ACTIVITY — From the first line to the last, retype the records exactly without their images.

DATA SHOWN section start

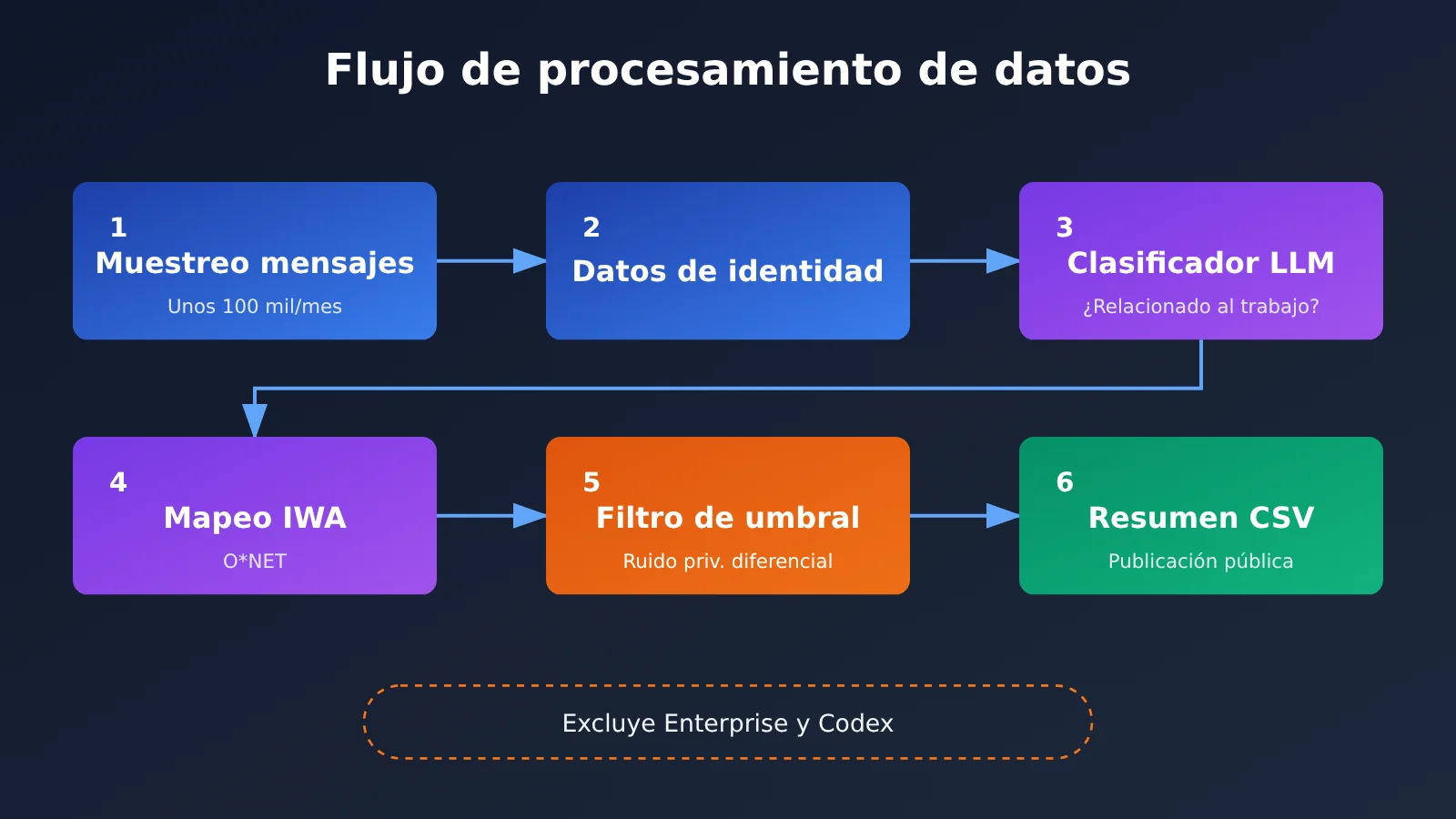 openai-chatgpt-165-work-activities-usage-data-es-image-1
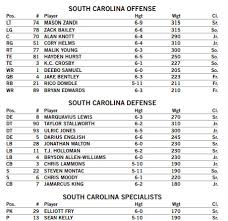 South Carolina At Clemson Preview Depth Chart Blue Chip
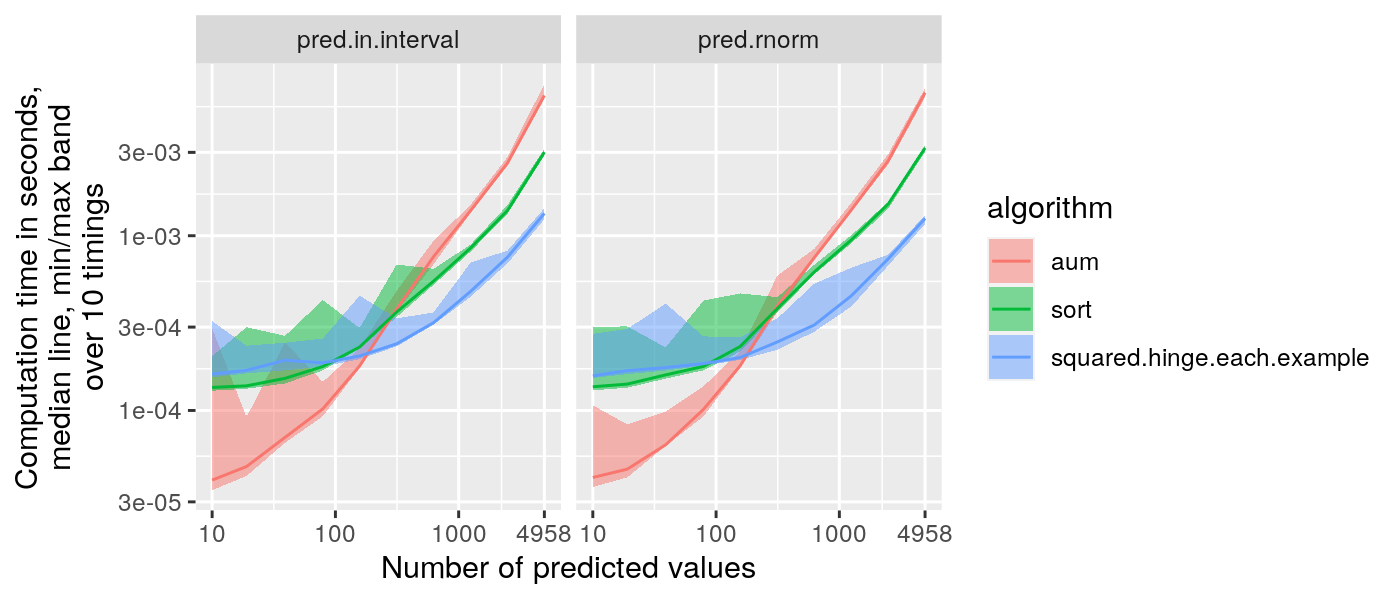 figure-aum-grad-speed.png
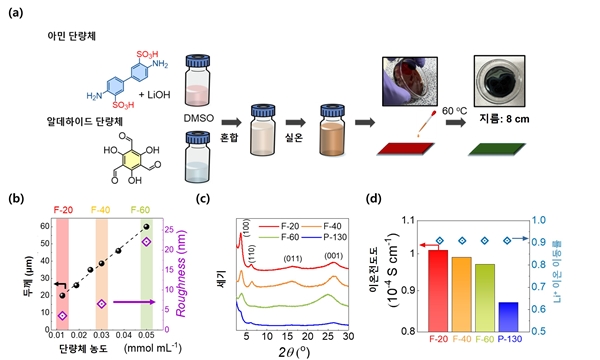 초박막 공유결합유기골격구조체(COF) 필름 합성 과정 및 두께에 따른 구조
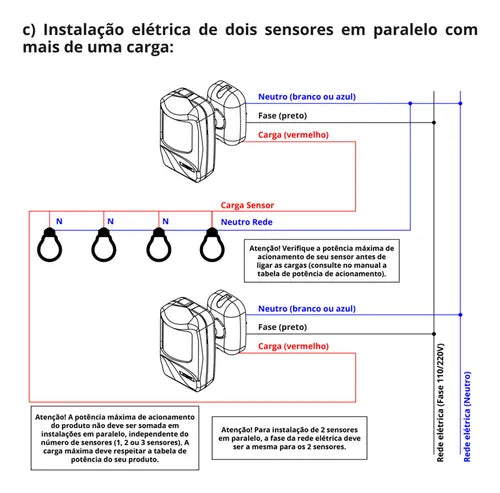Sensor Presença Movimento Frontal Parede 110° Fotocélula Timer Dip Switch Exatron LESFZDDP 110V 220V Bivolt Branco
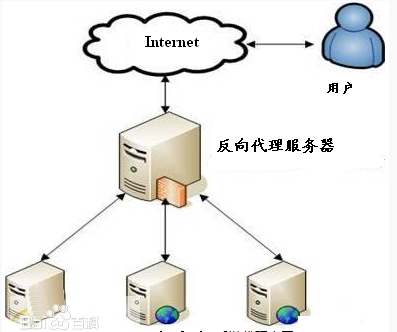 代理服務(wù)器的作用是什么，有什么用？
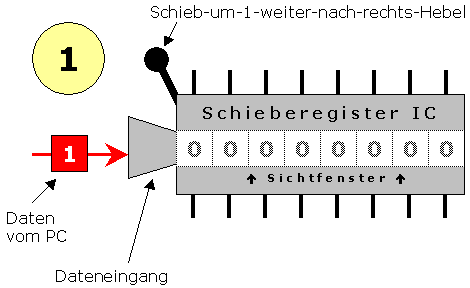 Das erste Datenbit liegt am Dateneingang des Schieberegisters an.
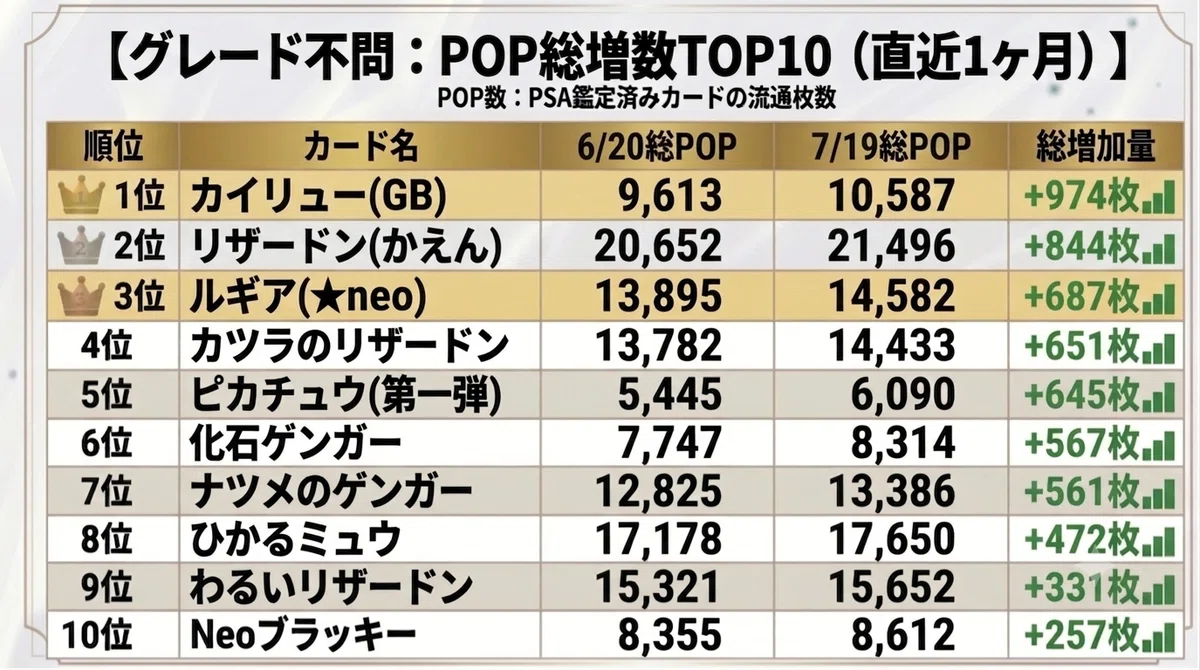 月刊ポケカ旧裏PSA観測】2026年7月号｜TOSHI@旧ポケカ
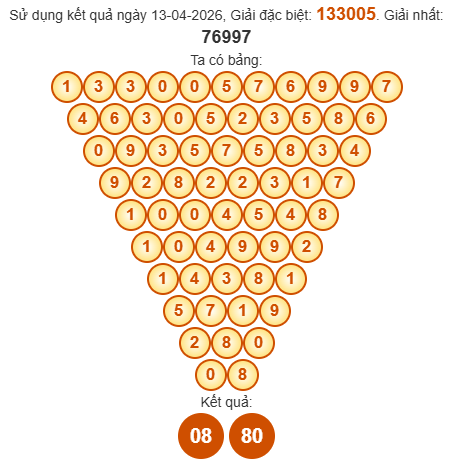 Soi cầu Pascal XSCM 20/4/2026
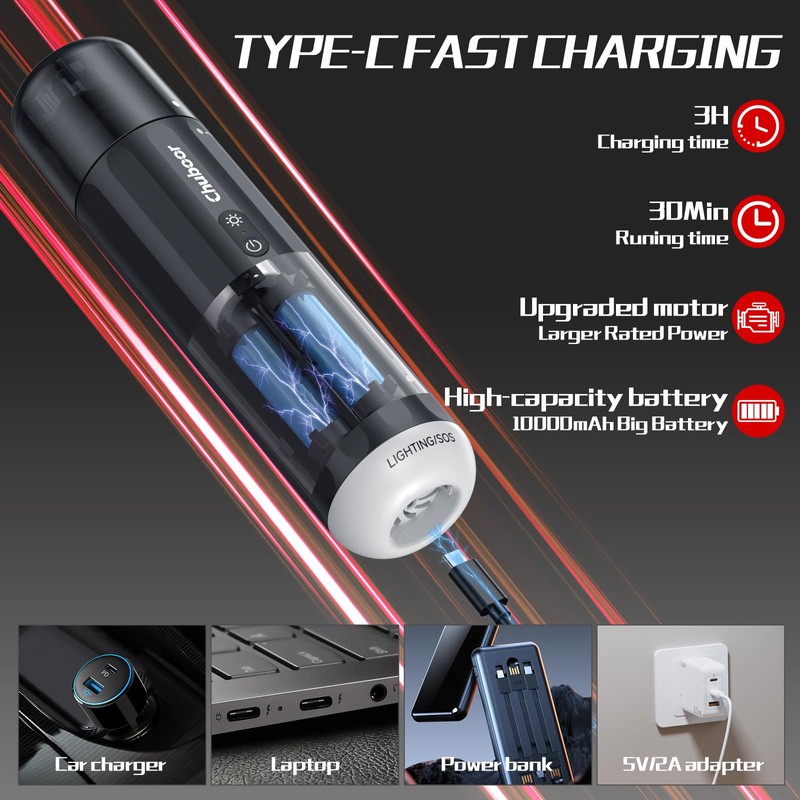Chuboor 13000PA Powerful Car Vacuum Cleaner High Power Cordless Rechargeable,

DATA SHOWN section end

RESULT OF THIS EXERCISE —
 openai-chatgpt-165-work-activities-usage-data-es-image-1
 South Carolina At Clemson Preview Depth Chart Blue Chip
 figure-aum-grad-speed.png
 초박막 공유결합유기골격구조체(COF) 필름 합성 과정 및 두께에 따른 구조
Sensor Presença Movimento Frontal Parede 110° Fotocélula Timer Dip Switch Exatron LESFZDDP 110V 220V Bivolt Branco
 代理服務(wù)器的作用是什么，有什么用？
 Das erste Datenbit liegt am Dateneingang des Schieberegisters an.
 月刊ポケカ旧裏PSA観測】2026年7月号｜TOSHI@旧ポケカ
 Soi cầu Pascal XSCM 20/4/2026
Chuboor 13000PA Powerful Car Vacuum Cleaner High Power Cordless Rechargeable,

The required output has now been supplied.